→ **RECORD EXCERPTS**:
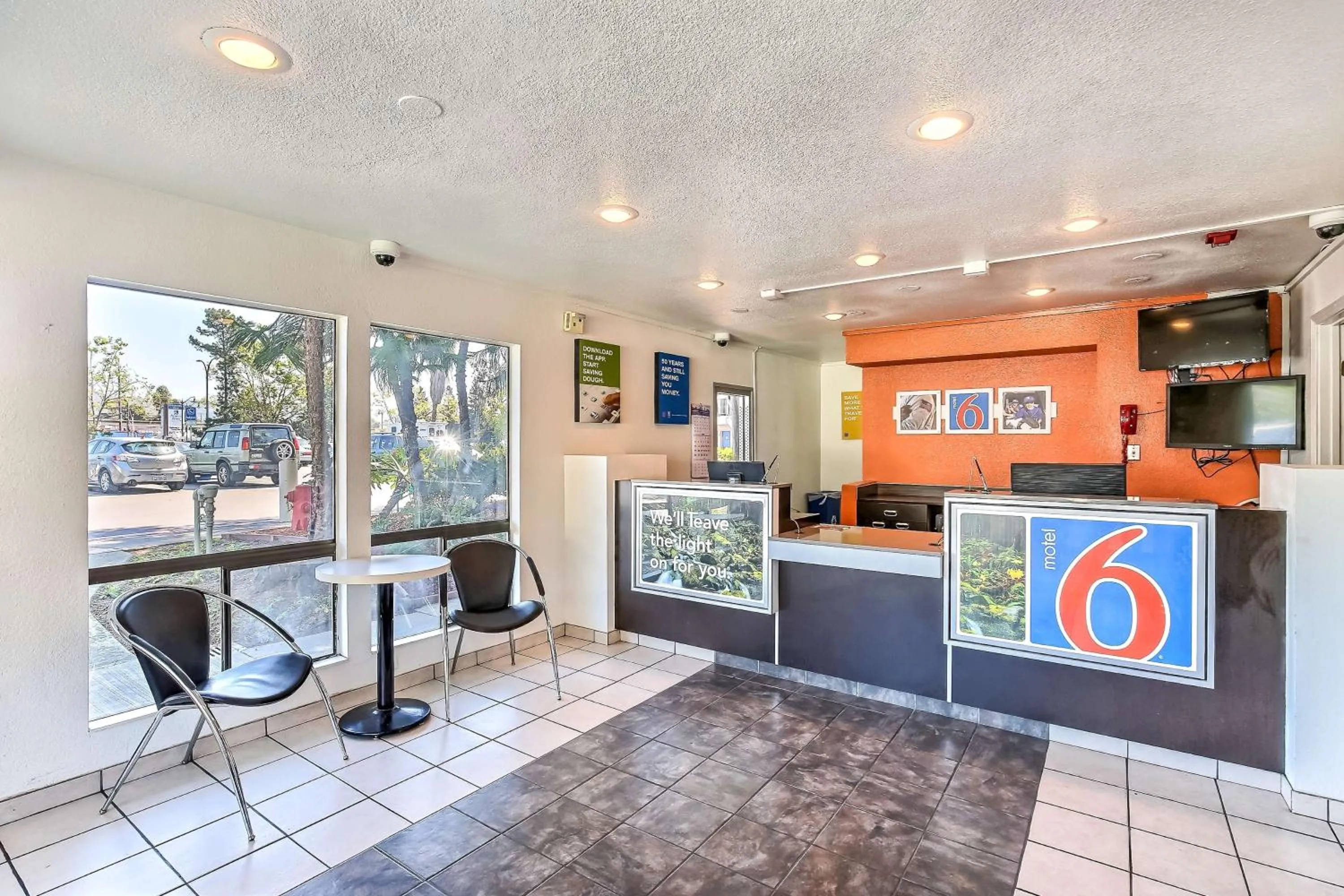 TV and multimedia in Motel 6-Oakland, CA - Embarcadero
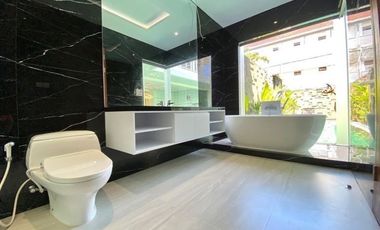 Villa Baru style Modern dekat Pantai Double Six Seminyak
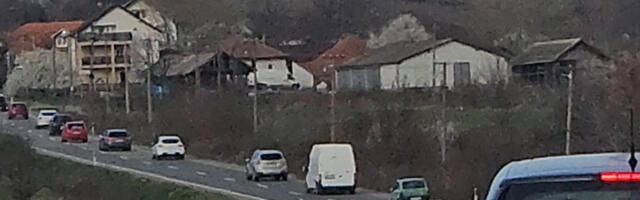 Kragujevčani krenuli ka Beogradu (VIDEO)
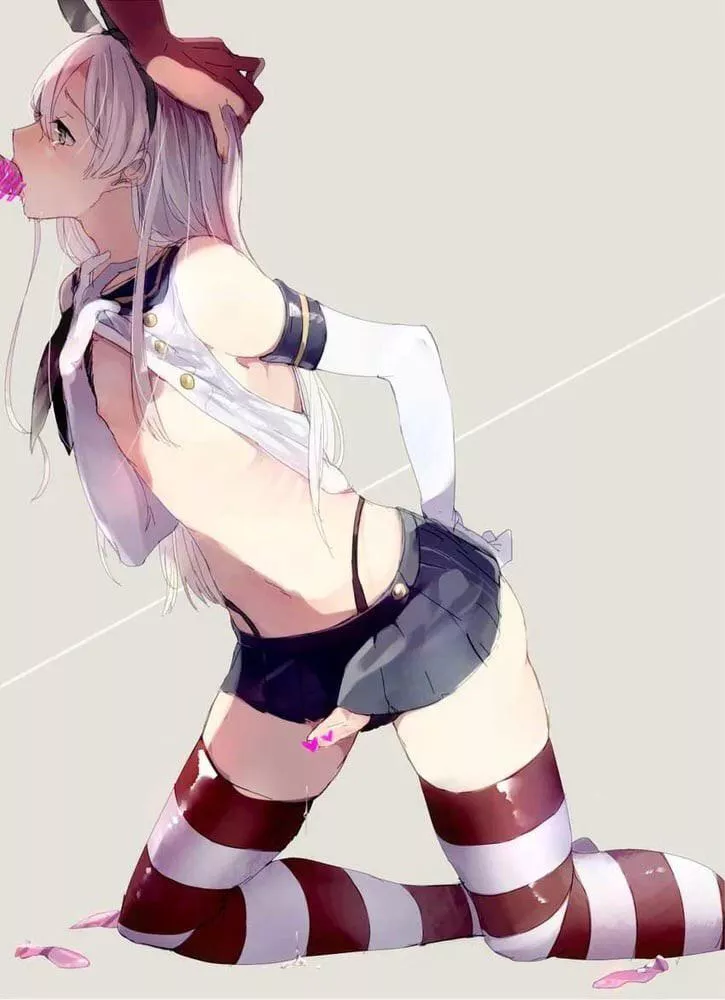 Even as I suck your cock I’m leaking all over the floor~ 🥰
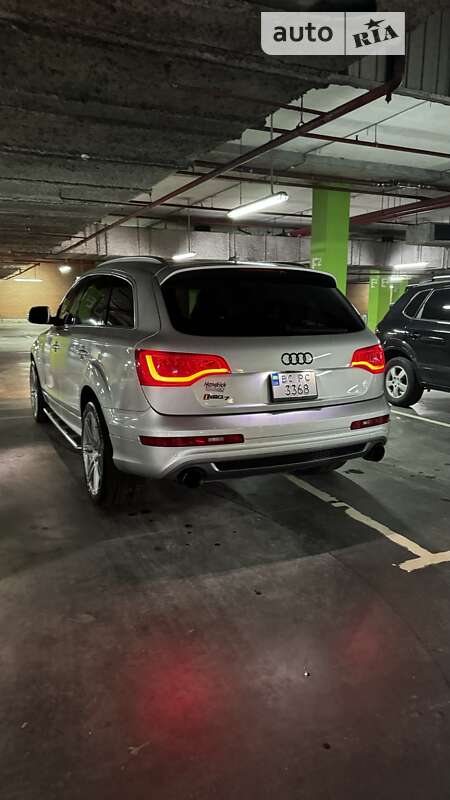 Позашляховик / Кросовер Audi Q7 2012 в Львові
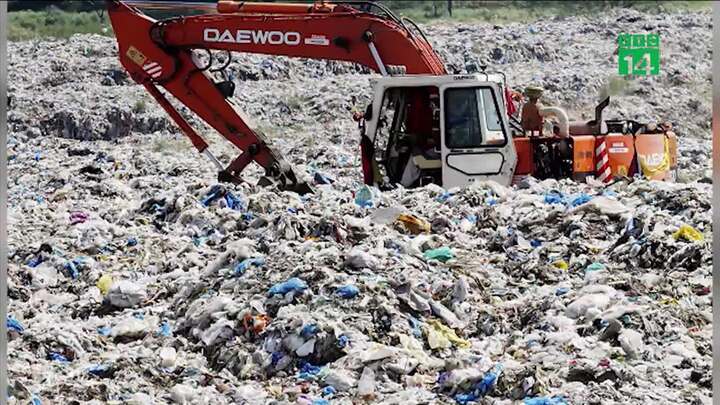 Mang phận con gái, hàng trăm bé sơ sinh Pakistan bị vứt ra bãi rác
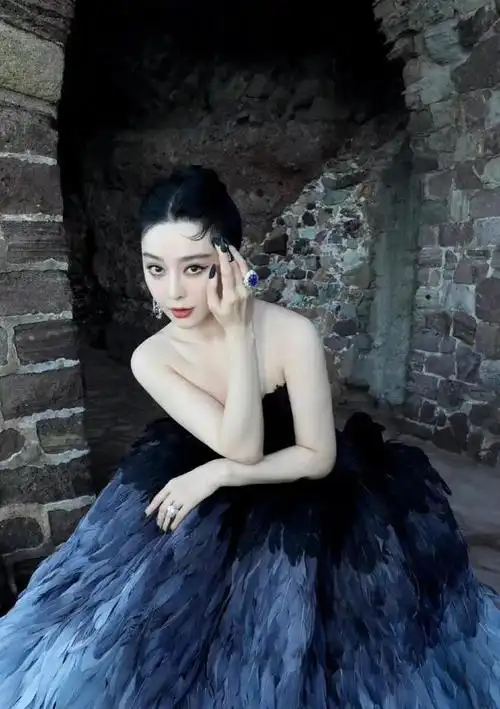 范冰冰在戛纳的最后一场红毯表演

→ **PROBLEM TO WORK ON**:
Copy out nothing but text: transcribe the listing exactly and skip each picture.

→ **SOLUTION TO THIS PROBLEM**:
 TV and multimedia in Motel 6-Oakland, CA - Embarcadero
 Villa Baru style Modern dekat Pantai Double Six Seminyak
 Kragujevčani krenuli ka Beogradu (VIDEO)
 Even as I suck your cock I’m leaking all over the floor~ 🥰
 Позашляховик / Кросовер Audi Q7 2012 в Львові
 Mang phận con gái, hàng trăm bé sơ sinh Pakistan bị vứt ra bãi rác
 范冰冰在戛纳的最后一场红毯表演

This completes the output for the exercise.